Sebuah studi terbaru dari para peneliti Fakultas Kedokteran University of North Carolina (UNC), yang diterbitkan dalam jurnal Neuron, mengungkap informasi tentang bagaimana makanan cepat saji mengubah pusat memori otak dan menyebabkan risiko disfungsi kognitif. Penelitian ini membuka pintu bagi intervensi dini yang dapat mencegah hilangnya memori jangka panjang yang terkait dengan obesitas.

Penelitian ini diketuai oleh profesor farmakologi dari Fakultas Kedokteran UNC, Juan Song, PhD, dan penulis pertama dari Departemen Farmakologi, Taylor Landry, PhD. Para peneliti menemukan sekelompok sel otak khusus di hipokampus, yang disebut interneuron CCK, menjadi terlalu aktif setelah mengonsumsi makanan tinggi lemak (HFD) karena kemampuan otak untuk menerima glukosa (gula) terganggu.

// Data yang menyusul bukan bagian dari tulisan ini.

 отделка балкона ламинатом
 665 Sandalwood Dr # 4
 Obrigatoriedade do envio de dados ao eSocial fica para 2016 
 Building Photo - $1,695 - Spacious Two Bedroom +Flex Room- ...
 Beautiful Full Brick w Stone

Aktivitas berlebih ini mengganggu proses memori di hipokampus, bahkan setelah beberapa hari mengonsumsi makanan tinggi lemak. Jenis pola makan ini menyerupai makanan cepat saji khas Barat yang kaya lemak jenuh seperti burger keju dan kentang goreng. Penemuan ini juga menunjukkan protein bernama PKM2, yang mengontrol bagaimana sel-sel otak menggunakan energi, memainkan peran kunci dalam permasalahan ini.

“Kami tahu pola makan dan metabolisme dapat memengaruhi kesehatan otak, tetapi kami tidak menyangka akan menemukan kelompok sel otak yang spesifik dan rentan seperti itu, interneuron CCK di hipokampus, yang secara langsung terganggu oleh paparan pola makan tinggi lemak jangka pendek,” kata Song, yang merupakan anggota Pusat Neurosains UNC.

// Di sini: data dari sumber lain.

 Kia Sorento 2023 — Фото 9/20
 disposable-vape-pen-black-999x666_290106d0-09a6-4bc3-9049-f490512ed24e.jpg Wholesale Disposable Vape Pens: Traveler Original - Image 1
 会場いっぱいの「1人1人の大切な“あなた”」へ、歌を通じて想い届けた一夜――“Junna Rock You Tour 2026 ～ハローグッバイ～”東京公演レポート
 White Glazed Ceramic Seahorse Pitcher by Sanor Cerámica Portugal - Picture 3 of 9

“Yang paling mengejutkan kami adalah seberapa cepat sel-sel ini mengubah aktivitasnya sebagai respons terhadap berkurangnya ketersediaan glukosa, dan bagaimana perubahan ini saja sudah cukup untuk mengganggu memori,” lanjutnya, dikutip dari Science Daily.

Ringkasan Studi

Model tikus diberi pola makan tinggi lemak yang menyerupai makanan cepat saji berlemak sebelum memulai pengujian perilaku. Dalam 4 hari setelah mengonsumsi makanan tinggi lemak, hasil penelitian menunjukkan interneuron CCK di pusat memori otak menjadi aktif secara abnormal.

Hasil penelitian menunjukkan makanan cepat saji berlemak dapat memengaruhi otak hampir seketika, jauh sebelum timbulnya kenaikan berat badan atau diabetes. Temuan penelitian juga menyoroti betapa sensitifnya sirkuit memori terhadap pola makan. Hal ini menggarisbawahi pentingnya nutrisi dalam menjaga kesehatan otak.

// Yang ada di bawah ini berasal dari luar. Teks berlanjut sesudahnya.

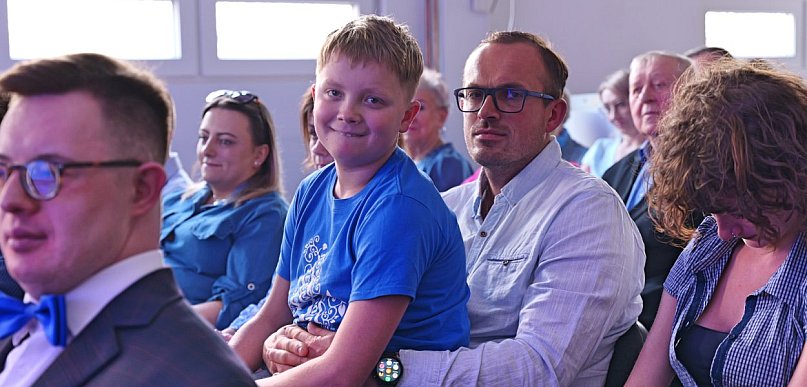 Niebieska kafka ze Stowarzyszeniem Się Uda. Solidarność z osobami z autyzmem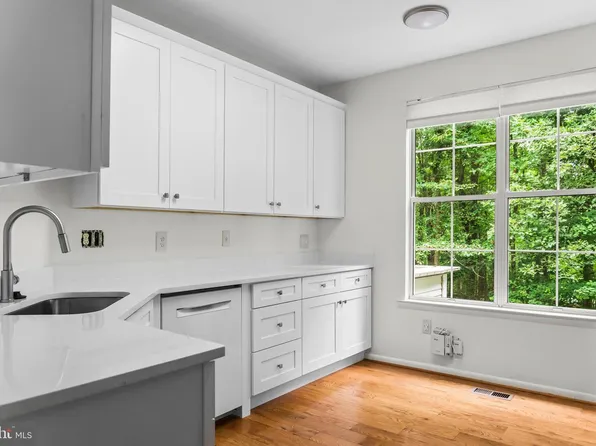 10356 Royal Woods Ct, Gaithersburg, MD 20886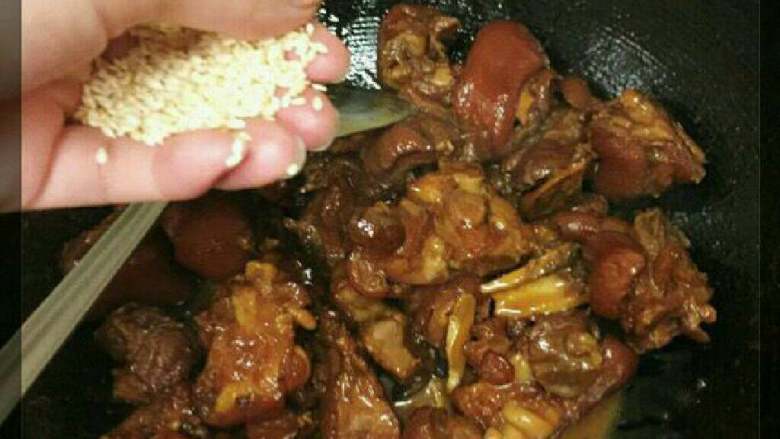 美味可口猪蹄,放入香油，鸡精，大火收汁，撒上芝麻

Pola makan tinggi lemak, yang kaya akan lemak jenuh, kemungkinan dapat menyebabkan peningkatan risiko penyakit neurodegeneratif, seperti demensia dan Alzheimer, menurut penelitian tersebut.

Penelitian ini juga menunjukkan, memulihkan kadar glukosa otak justru menenangkan neuron yang terlalu aktif dan memperbaiki masalah memori pada tikus. Penelitian ini menemukan intervensi seperti modifikasi pola makan atau pendekatan farmakologis mungkin efektif dalam menjaga kesehatan otak untuk neurodegenerasi terkait obesitas. Khususnya, para peneliti menemukan intervensi pola makan seperti periode puasa intermiten setelah diet tinggi lemak cukup untuk menormalkan interneuron CCK dan meningkatkan fungsi memori.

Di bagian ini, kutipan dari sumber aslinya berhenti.